Democratas e republicanos colaboraram para levar o déficit a
esse patamar elevadíssimo. No primeiro governo Trump, foram aprovados cortes de
impostos sem cortes equivalentes no gasto público. A pandemia de covid-19 gerou
um forte e repentino aumento em despesas extraordinárias, que ainda não foi
totalmente revisto. Por fim, o governo Joe Biden aprovou pacotes de estímulo à
economia e de subsídios a setores estratégicos que catapultaram o déficit ao
histórico patamar atual. A isso se acrescenta a pressão demográfica do
envelhecimento da população e da aposentadoria da geração “baby boom”.
Agora há a expectativa de uma nova rodada de renúncia
fiscal. O presidente eleito prometeu reduzir impostos para as empresas, além de
acabar com a taxação sobre gorjetas, horas extras trabalhadas e benefícios da
Seguridade Social. Estimativas sugerem que essas propostas podem custar até US$
7,5 trilhões nas próximas décadas, em relação ao cenário fiscal atual.
Trump não se comprometeu a equilibrar esses cortes com menos
gasto público e foi vago em apontar como pretende reduzir as despesas. Sua
principal medida foi indicar os empresários Elon Musk e Vivek Ramaswamy para
dirigir o novo Departamento de Eficiência Governamental, cuja missão será
justamente esta. O objetivo, segundo Musk, é cortar US$ 2 trilhões em despesas,
mas não há detalhes de como eles pretendem fazer isso.
A situação fiscal neste ano tende ser um pouco mais
confortável que em 2024, devido principalmente ao corte da taxa de juros pelo
Federal Reserve, o que vai diminuir as despesas com juros da dívida pública.
Por outro lado, o cenário de longo prazo dos EUA é hoje muito pior do que o
encontrado por Trump oito anos atrás.
Segundo a mídia americana, os congressistas republicanos
ainda não chegaram nem perto de um consenso sobre o quanto vão tolerar de
déficit. Uma parte do partido apoia a política de Trump de cortar impostos
primeiro e tentar conter gastos mais tarde, o que teria um impacto fiscal
importante no curto prazo. Mas há também uma ala fiscalista, que dificilmente
aceitará passar um cheque em branco. Isso ficou evidente na polêmica relativa
ao financiamento do governo, em dezembro. Apesar dos pedidos de Trump de que o
partido só apoiasse um projeto que eliminasse o teto de endividamento do
governo, 38 deputados republicanos votaram contra. Eliminar o teto implicaria
que Trump poderia propor um nível de déficit mais agressivo. Como os
republicanos têm uma maioria de apenas dois deputados na Câmara, a Casa Branca
dependerá dessa ala fiscalista para passar qualquer projeto que afete o
orçamento público.
Mas cortar gastos é um tema altamente inflamável nos EUA. É
quase impossível fazer cortes significativos sem mexer em despesas com saúde e
previdência social, o que seria impopular, politicamente difícil e teria
oposição barulhenta da minoria democrata no Congresso.
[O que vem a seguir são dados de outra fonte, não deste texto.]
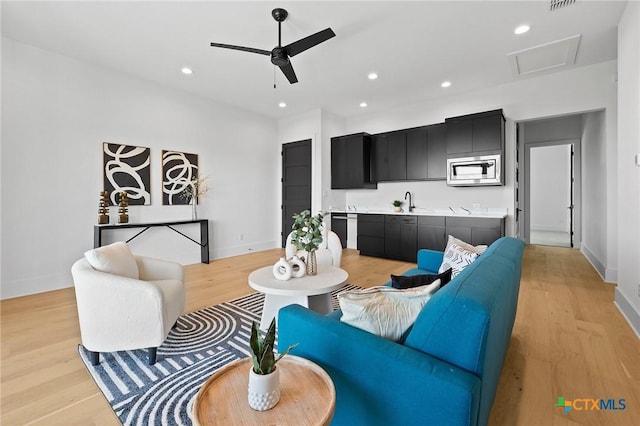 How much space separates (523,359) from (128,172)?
507cm

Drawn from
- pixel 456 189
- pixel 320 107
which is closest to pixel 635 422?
pixel 456 189

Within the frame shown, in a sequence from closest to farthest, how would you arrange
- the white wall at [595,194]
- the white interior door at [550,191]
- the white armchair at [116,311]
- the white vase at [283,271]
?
the white armchair at [116,311] < the white vase at [283,271] < the white wall at [595,194] < the white interior door at [550,191]

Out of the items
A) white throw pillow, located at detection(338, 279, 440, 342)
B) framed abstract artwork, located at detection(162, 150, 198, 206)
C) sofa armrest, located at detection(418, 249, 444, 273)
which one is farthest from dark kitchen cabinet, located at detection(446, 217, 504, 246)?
framed abstract artwork, located at detection(162, 150, 198, 206)

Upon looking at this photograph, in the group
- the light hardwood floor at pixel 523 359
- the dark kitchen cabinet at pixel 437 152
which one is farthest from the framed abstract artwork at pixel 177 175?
the dark kitchen cabinet at pixel 437 152

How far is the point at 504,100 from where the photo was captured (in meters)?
4.52

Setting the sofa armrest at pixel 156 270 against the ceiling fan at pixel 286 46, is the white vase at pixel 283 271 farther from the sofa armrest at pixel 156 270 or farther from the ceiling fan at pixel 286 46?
the ceiling fan at pixel 286 46

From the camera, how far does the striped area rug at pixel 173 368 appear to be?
4.91ft

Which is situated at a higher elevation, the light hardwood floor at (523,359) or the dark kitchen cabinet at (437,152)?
the dark kitchen cabinet at (437,152)

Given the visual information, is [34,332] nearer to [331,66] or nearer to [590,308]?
[331,66]

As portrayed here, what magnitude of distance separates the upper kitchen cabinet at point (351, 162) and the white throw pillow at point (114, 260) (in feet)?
13.8

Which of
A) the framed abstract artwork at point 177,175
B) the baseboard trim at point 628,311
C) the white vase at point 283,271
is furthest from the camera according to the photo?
the framed abstract artwork at point 177,175

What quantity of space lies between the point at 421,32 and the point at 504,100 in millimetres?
2307

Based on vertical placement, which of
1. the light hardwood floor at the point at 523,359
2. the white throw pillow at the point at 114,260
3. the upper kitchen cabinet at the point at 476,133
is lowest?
the light hardwood floor at the point at 523,359

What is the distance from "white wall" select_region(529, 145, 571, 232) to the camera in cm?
841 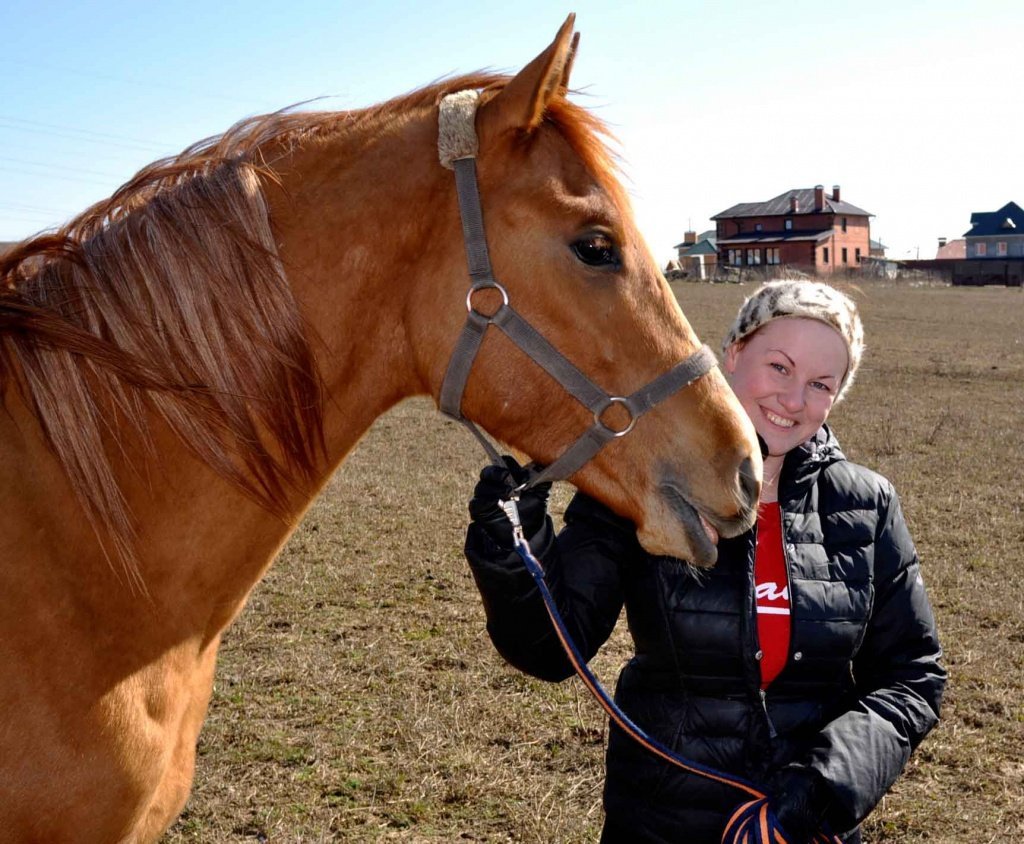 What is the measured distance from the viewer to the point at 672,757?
7.00ft

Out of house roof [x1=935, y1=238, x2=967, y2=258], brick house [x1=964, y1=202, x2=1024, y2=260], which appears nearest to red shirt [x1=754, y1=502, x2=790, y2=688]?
brick house [x1=964, y1=202, x2=1024, y2=260]

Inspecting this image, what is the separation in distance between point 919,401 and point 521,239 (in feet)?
43.1

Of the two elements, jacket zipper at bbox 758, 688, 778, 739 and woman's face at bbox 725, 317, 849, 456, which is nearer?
jacket zipper at bbox 758, 688, 778, 739

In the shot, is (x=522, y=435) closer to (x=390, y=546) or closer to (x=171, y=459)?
(x=171, y=459)

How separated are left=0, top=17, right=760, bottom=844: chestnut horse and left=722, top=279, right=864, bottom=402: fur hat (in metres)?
0.53

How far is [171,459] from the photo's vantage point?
193 centimetres

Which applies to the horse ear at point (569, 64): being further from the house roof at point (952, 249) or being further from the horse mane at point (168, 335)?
the house roof at point (952, 249)

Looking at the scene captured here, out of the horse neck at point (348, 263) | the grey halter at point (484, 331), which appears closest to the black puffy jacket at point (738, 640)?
the grey halter at point (484, 331)

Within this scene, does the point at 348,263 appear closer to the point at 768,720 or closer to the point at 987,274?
the point at 768,720

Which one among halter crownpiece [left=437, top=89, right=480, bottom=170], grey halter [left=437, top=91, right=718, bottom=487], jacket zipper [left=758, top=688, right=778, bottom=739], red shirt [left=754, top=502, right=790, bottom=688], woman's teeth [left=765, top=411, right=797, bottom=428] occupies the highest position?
halter crownpiece [left=437, top=89, right=480, bottom=170]

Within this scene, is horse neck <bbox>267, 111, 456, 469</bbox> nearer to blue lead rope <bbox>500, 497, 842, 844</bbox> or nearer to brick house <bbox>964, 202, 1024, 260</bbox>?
blue lead rope <bbox>500, 497, 842, 844</bbox>

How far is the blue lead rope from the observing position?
2.08 m

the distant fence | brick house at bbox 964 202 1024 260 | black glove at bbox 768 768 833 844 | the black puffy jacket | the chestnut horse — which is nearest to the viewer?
the chestnut horse

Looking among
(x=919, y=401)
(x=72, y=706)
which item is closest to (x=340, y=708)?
(x=72, y=706) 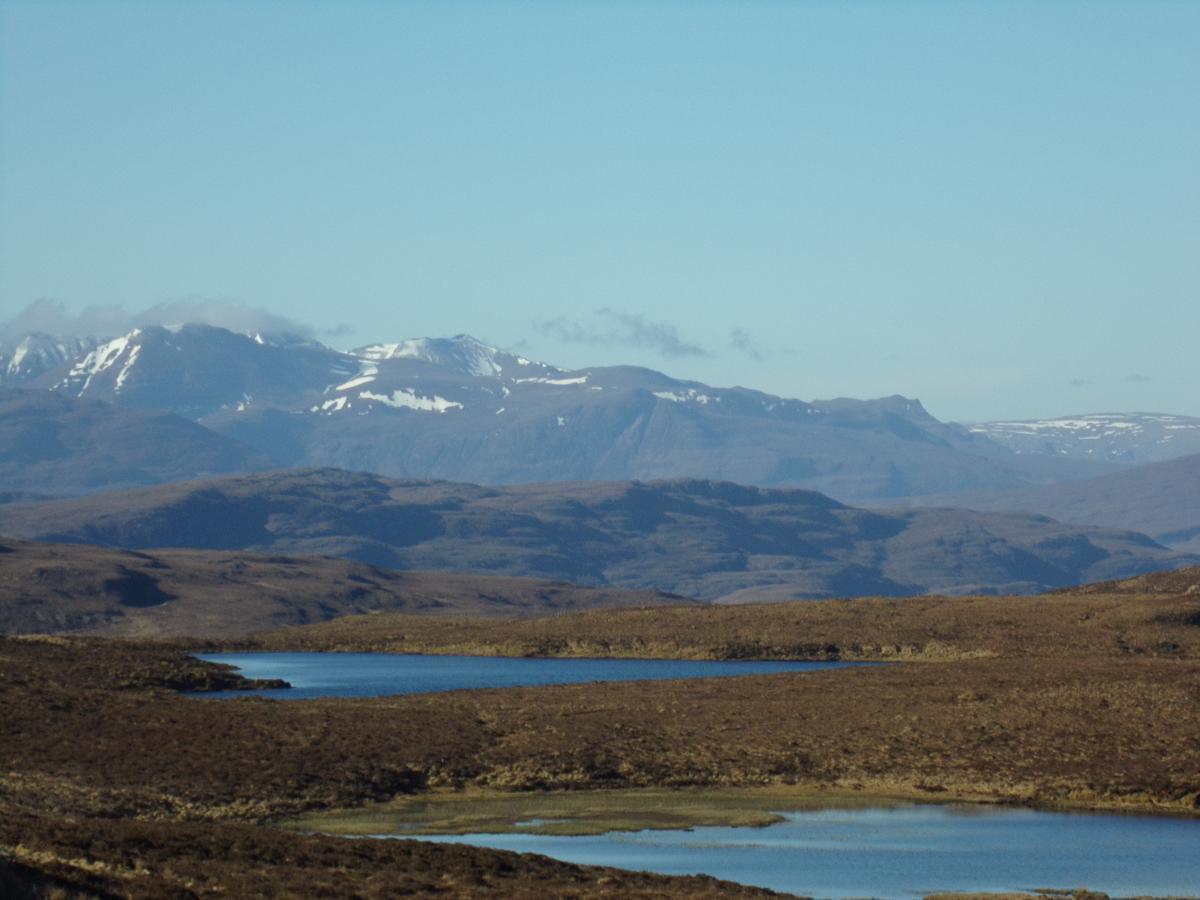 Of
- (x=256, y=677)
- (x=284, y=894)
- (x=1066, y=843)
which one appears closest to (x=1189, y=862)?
(x=1066, y=843)

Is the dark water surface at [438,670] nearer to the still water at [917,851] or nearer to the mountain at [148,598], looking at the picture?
the still water at [917,851]

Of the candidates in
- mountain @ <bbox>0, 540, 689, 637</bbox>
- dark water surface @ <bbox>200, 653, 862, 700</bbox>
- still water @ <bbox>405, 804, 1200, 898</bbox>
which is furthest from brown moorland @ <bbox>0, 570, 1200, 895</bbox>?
mountain @ <bbox>0, 540, 689, 637</bbox>

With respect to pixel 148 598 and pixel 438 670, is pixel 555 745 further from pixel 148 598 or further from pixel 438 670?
pixel 148 598

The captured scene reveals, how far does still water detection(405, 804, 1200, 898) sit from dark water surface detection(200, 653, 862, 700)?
31.5m

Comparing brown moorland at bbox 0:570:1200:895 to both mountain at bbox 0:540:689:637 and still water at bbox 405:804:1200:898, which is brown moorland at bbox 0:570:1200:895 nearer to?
still water at bbox 405:804:1200:898

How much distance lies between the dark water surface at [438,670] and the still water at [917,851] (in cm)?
3153

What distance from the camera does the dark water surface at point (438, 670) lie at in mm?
82469

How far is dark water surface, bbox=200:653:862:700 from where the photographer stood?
82469 mm

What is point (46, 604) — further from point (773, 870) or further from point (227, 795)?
point (773, 870)

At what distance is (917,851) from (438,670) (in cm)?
5799

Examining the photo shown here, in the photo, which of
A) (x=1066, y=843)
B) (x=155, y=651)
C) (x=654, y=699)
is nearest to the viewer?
(x=1066, y=843)

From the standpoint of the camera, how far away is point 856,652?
99812 mm

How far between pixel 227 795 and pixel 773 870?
15.4m

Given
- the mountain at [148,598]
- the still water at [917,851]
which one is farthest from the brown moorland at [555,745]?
the mountain at [148,598] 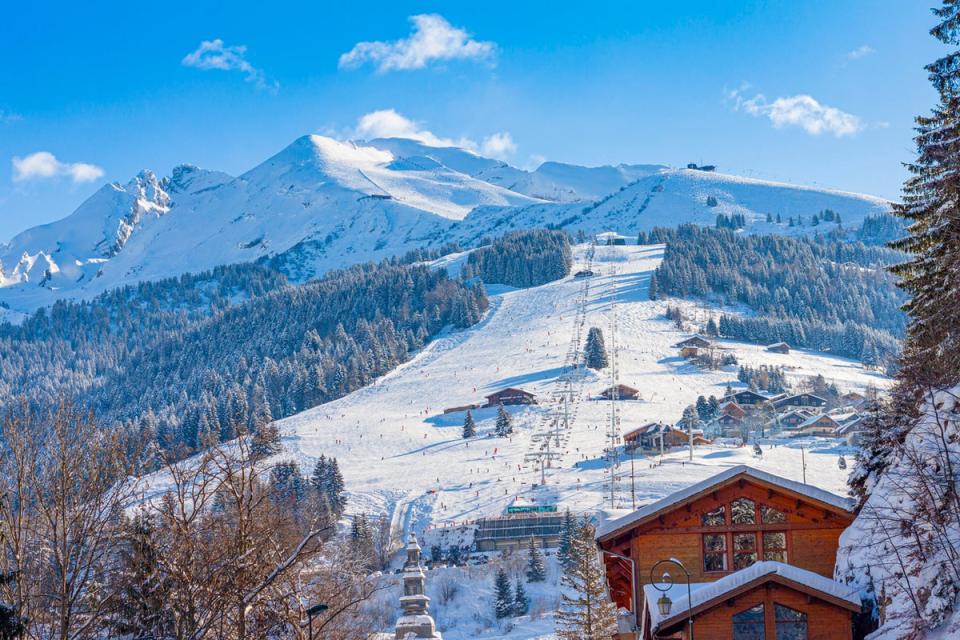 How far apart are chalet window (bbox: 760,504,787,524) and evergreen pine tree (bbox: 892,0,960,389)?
143 inches

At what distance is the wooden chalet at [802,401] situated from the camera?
9606 centimetres

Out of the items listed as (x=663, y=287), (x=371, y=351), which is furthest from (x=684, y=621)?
(x=663, y=287)

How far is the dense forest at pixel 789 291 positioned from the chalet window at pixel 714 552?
Answer: 412 ft

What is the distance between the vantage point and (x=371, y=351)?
140625mm

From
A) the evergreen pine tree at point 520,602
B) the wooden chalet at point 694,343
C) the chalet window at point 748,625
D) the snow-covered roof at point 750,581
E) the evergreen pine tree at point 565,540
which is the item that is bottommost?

Já os republicanos devem
se opor a cortes nos benefícios para veteranos de guerra e nos gastos
militares. O próprio Trump já sugeriu que o gasto militar deve subir. Assim,
sobra pouco onde cortar.
Trump deixou claro que sua prioridade será cortar impostos,
e não equilibrar o orçamento, e questões polêmicas costumam avançar no primeiro
ano de governo. Deputados ligados ao presidente eleito admitem que o pacote não
será equilibrado e que certamente haverá efeito fiscal negativo. A questão é
justamente quanto de déficit os republicanos vão tolerar. Nos últimos meses, os
mercados vêm dando sinais de preocupação de uma ulterior deterioração fiscal
nos EUA. Desde meados de setembro, o prêmio (yield) dos principais títulos da
dívida americana está subindo, o que significa uma percepção de aumento no
risco do endividamento americano.
No final de 2022, um plano fiscal considerado irresponsável
gerou uma forte reação dos mercados e levou à renúncia da então
primeira-ministra do Reino Unido, Liz Truss. O plano previa justamente um corte
de impostos não compensado por cortes de gastos, o que levaria a uma ampliação
do déficit e da dívida pública britânicos. Os EUA não são o Reino Unido e é
improvável que ocorra uma aposta contra a política fiscal de Trump. Mas o
recado está sendo dado pelos mercados.